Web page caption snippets

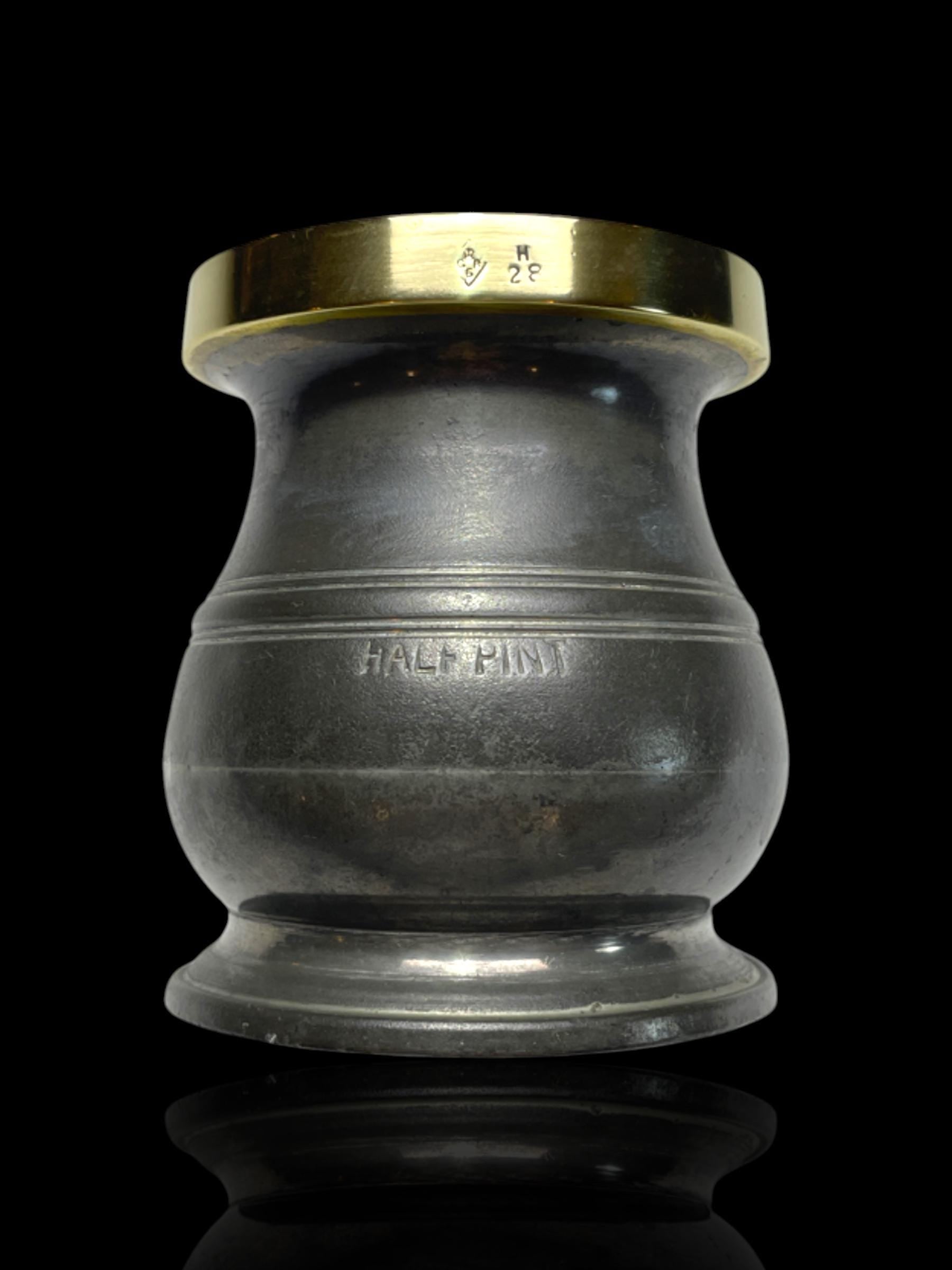 Victorian Half Pint Pewter Tankard.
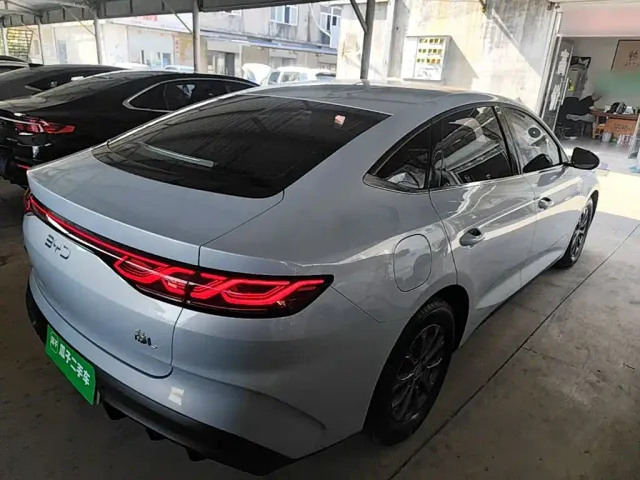 BYD Qin L — Фото автомобиля 6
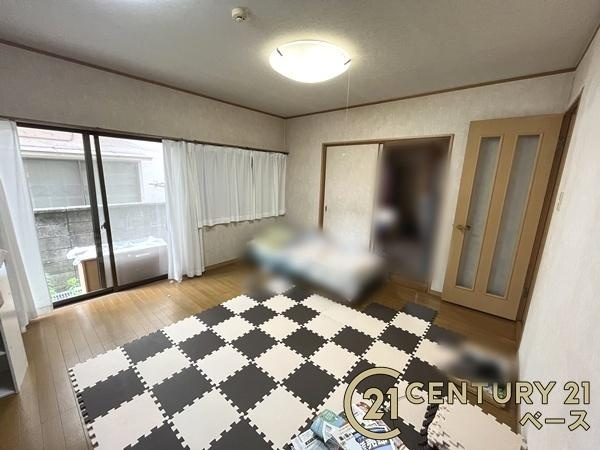 奈良市法蓮町　中古一戸建の居間・リビング|■現地撮影写真■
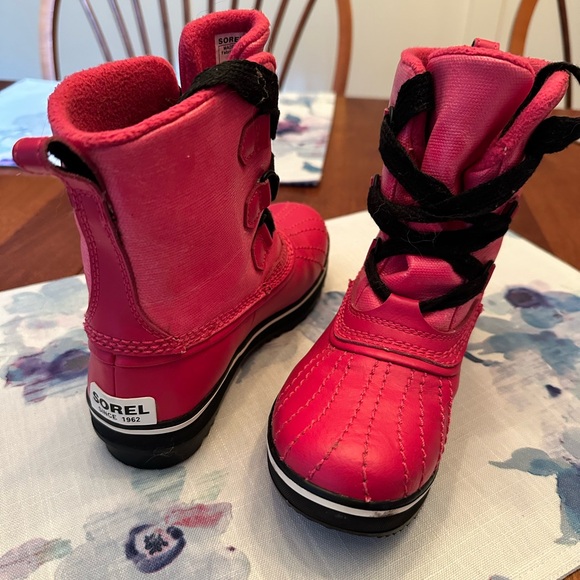 Sorel Other - Sorel Tivoli kids snow boots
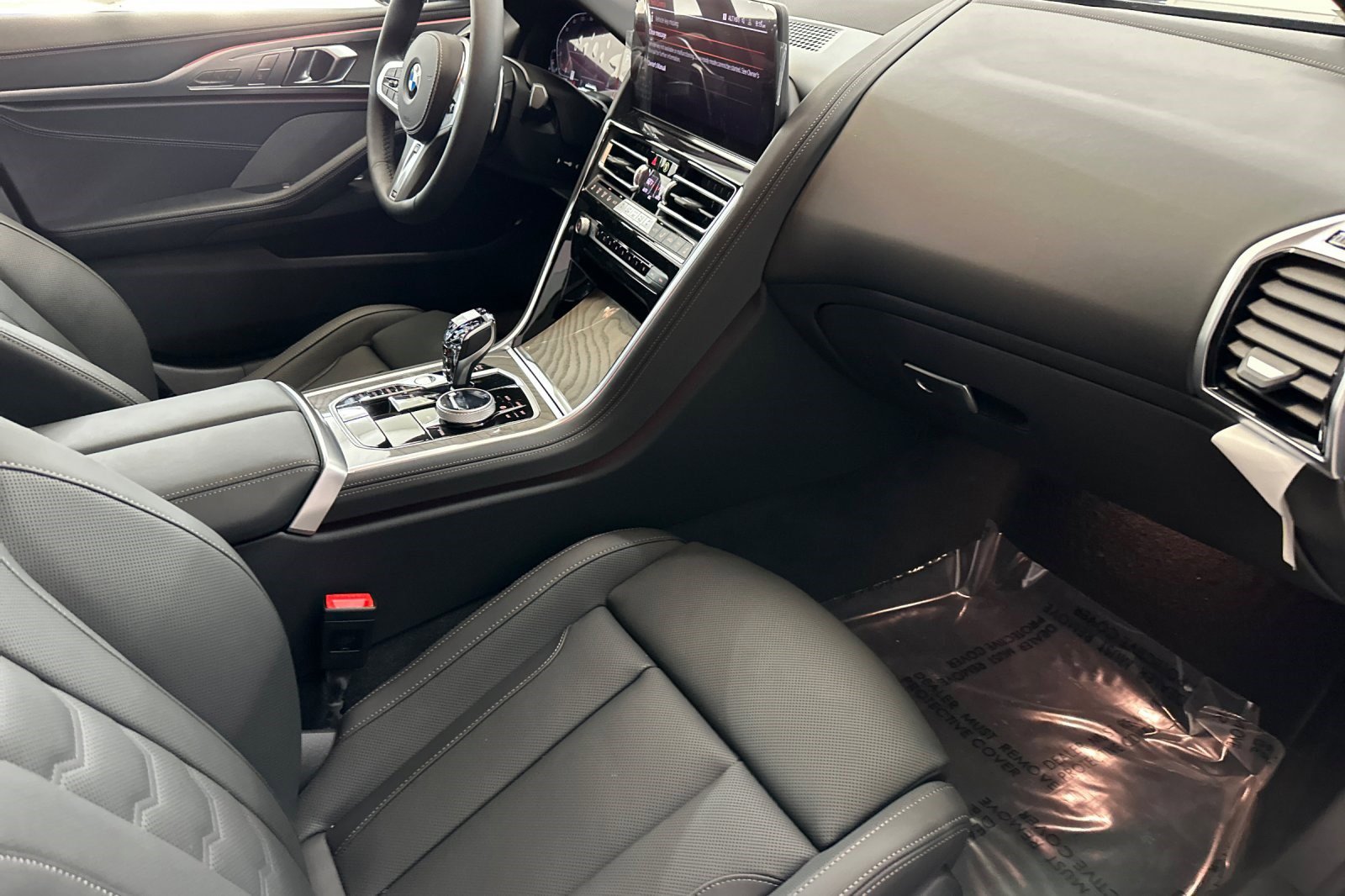 2026 BMW 8 Series 840i - Photo 27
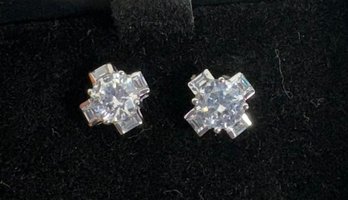 PRETTY 14K WHITE GOLD CZ SPARKLING STUD EARRINGS BY ABSOLUTE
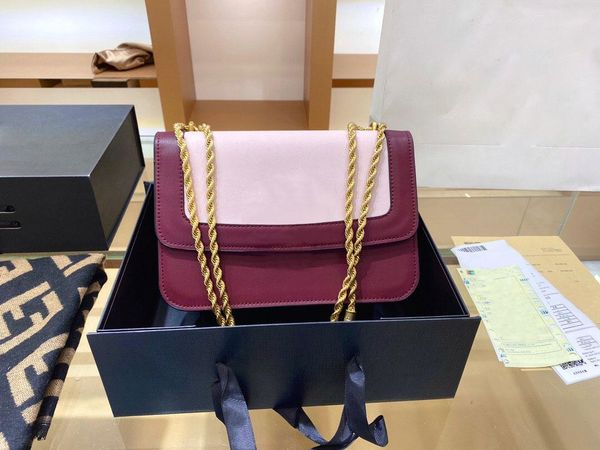 bag cowhide patent leather handbag imitation brands women luxurys designers bags 2021 classic fashion designer original box wholesale, Black;red
bag cowhide patent leather handbag imitation brands women luxurys designers bags 2021 classic fashion designer original box wholesale, Black;red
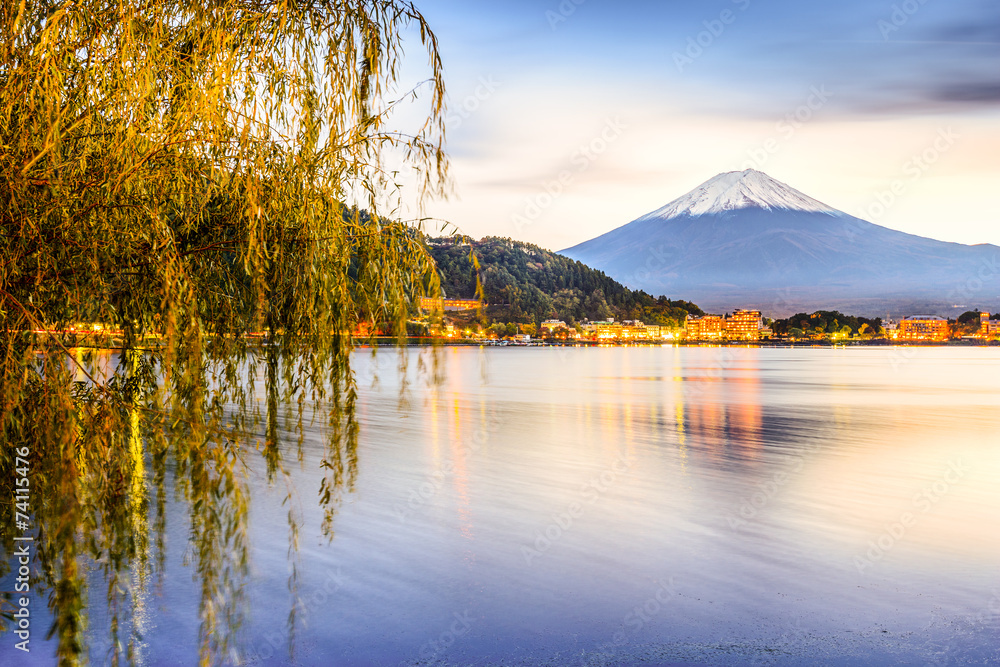 日本富士山在河口湖上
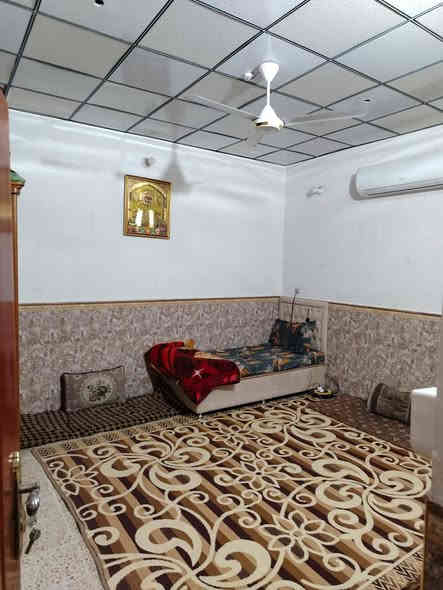 دار للبيع 100م حي النداء  شارع المكاتب طابقين بناء جناي اساس وسقف صب كونكريت اساس وسقف  
الطابق الاول
غرفة
صال
حمامات عدد 2
مطبخ
استقبال
الطابق الثاني
غرفة عدد 2
صالة 
حمام
السعر 140
***********
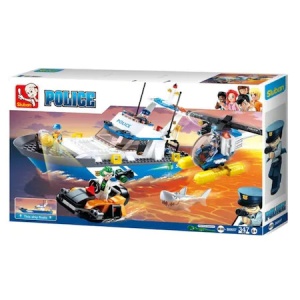 B0657 police boat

To do:
Write out the records above exactly as they appear, leaving out any pictures.

Final answer:
 Victorian Half Pint Pewter Tankard.
 BYD Qin L — Фото автомобиля 6
 奈良市法蓮町　中古一戸建の居間・リビング|■現地撮影写真■
 Sorel Other - Sorel Tivoli kids snow boots
 2026 BMW 8 Series 840i - Photo 27
 PRETTY 14K WHITE GOLD CZ SPARKLING STUD EARRINGS BY ABSOLUTE
 bag cowhide patent leather handbag imitation brands women luxurys designers bags 2021 classic fashion designer original box wholesale, Black;red
bag cowhide patent leather handbag imitation brands women luxurys designers bags 2021 classic fashion designer original box wholesale, Black;red
 日本富士山在河口湖上
 دار للبيع 100م حي النداء  شارع المكاتب طابقين بناء جناي اساس وسقف صب كونكريت اساس وسقف  
الطابق الاول
غرفة
صال
حمامات عدد 2
مطبخ
استقبال
الطابق الثاني
غرفة عدد 2
صالة 
حمام
السعر 140
***********
 B0657 police boat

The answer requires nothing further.